[Start of Attachment]

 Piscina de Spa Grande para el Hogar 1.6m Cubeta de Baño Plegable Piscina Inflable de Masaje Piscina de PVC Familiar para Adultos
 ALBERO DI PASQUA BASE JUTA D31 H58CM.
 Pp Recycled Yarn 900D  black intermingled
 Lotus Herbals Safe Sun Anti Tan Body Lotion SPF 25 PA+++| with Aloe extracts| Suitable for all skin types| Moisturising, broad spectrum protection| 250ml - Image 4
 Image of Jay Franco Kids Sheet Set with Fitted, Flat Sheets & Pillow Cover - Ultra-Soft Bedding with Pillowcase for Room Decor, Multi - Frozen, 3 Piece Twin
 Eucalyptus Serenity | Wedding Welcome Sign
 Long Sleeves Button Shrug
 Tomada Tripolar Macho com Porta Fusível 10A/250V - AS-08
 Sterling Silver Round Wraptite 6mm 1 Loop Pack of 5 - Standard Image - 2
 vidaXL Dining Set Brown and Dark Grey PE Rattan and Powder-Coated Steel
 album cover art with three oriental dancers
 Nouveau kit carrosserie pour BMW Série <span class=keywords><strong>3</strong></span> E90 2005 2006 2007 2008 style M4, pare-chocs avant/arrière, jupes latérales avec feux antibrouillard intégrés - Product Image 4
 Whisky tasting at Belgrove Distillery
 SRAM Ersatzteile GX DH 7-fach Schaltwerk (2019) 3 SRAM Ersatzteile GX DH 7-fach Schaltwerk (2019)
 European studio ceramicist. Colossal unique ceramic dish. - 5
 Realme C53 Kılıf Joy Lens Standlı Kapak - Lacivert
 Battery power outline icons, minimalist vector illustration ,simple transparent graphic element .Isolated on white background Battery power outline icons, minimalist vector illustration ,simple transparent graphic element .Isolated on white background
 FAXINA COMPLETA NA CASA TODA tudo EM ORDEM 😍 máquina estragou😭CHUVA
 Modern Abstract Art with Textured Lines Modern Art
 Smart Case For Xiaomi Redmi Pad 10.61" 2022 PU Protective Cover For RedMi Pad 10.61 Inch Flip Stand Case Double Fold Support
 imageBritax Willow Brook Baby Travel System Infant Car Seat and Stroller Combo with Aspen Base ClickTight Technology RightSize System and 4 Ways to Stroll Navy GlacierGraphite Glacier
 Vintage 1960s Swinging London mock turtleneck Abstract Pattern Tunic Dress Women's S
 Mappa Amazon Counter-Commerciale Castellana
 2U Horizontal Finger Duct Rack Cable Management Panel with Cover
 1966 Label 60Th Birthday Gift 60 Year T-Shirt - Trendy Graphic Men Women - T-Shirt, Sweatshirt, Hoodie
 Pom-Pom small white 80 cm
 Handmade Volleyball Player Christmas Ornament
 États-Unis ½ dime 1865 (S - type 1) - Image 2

[End of Attachment]

◆ **WHAT THE TASK ASKS**
In the listing above, reproduce the first line and each one after it through the line that contains "Pp Recycled Yarn".

◆ **TASK OUTPUT**
 Piscina de Spa Grande para el Hogar 1.6m Cubeta de Baño Plegable Piscina Inflable de Masaje Piscina de PVC Familiar para Adultos
 ALBERO DI PASQUA BASE JUTA D31 H58CM.
 Pp Recycled Yarn 900D  black intermingled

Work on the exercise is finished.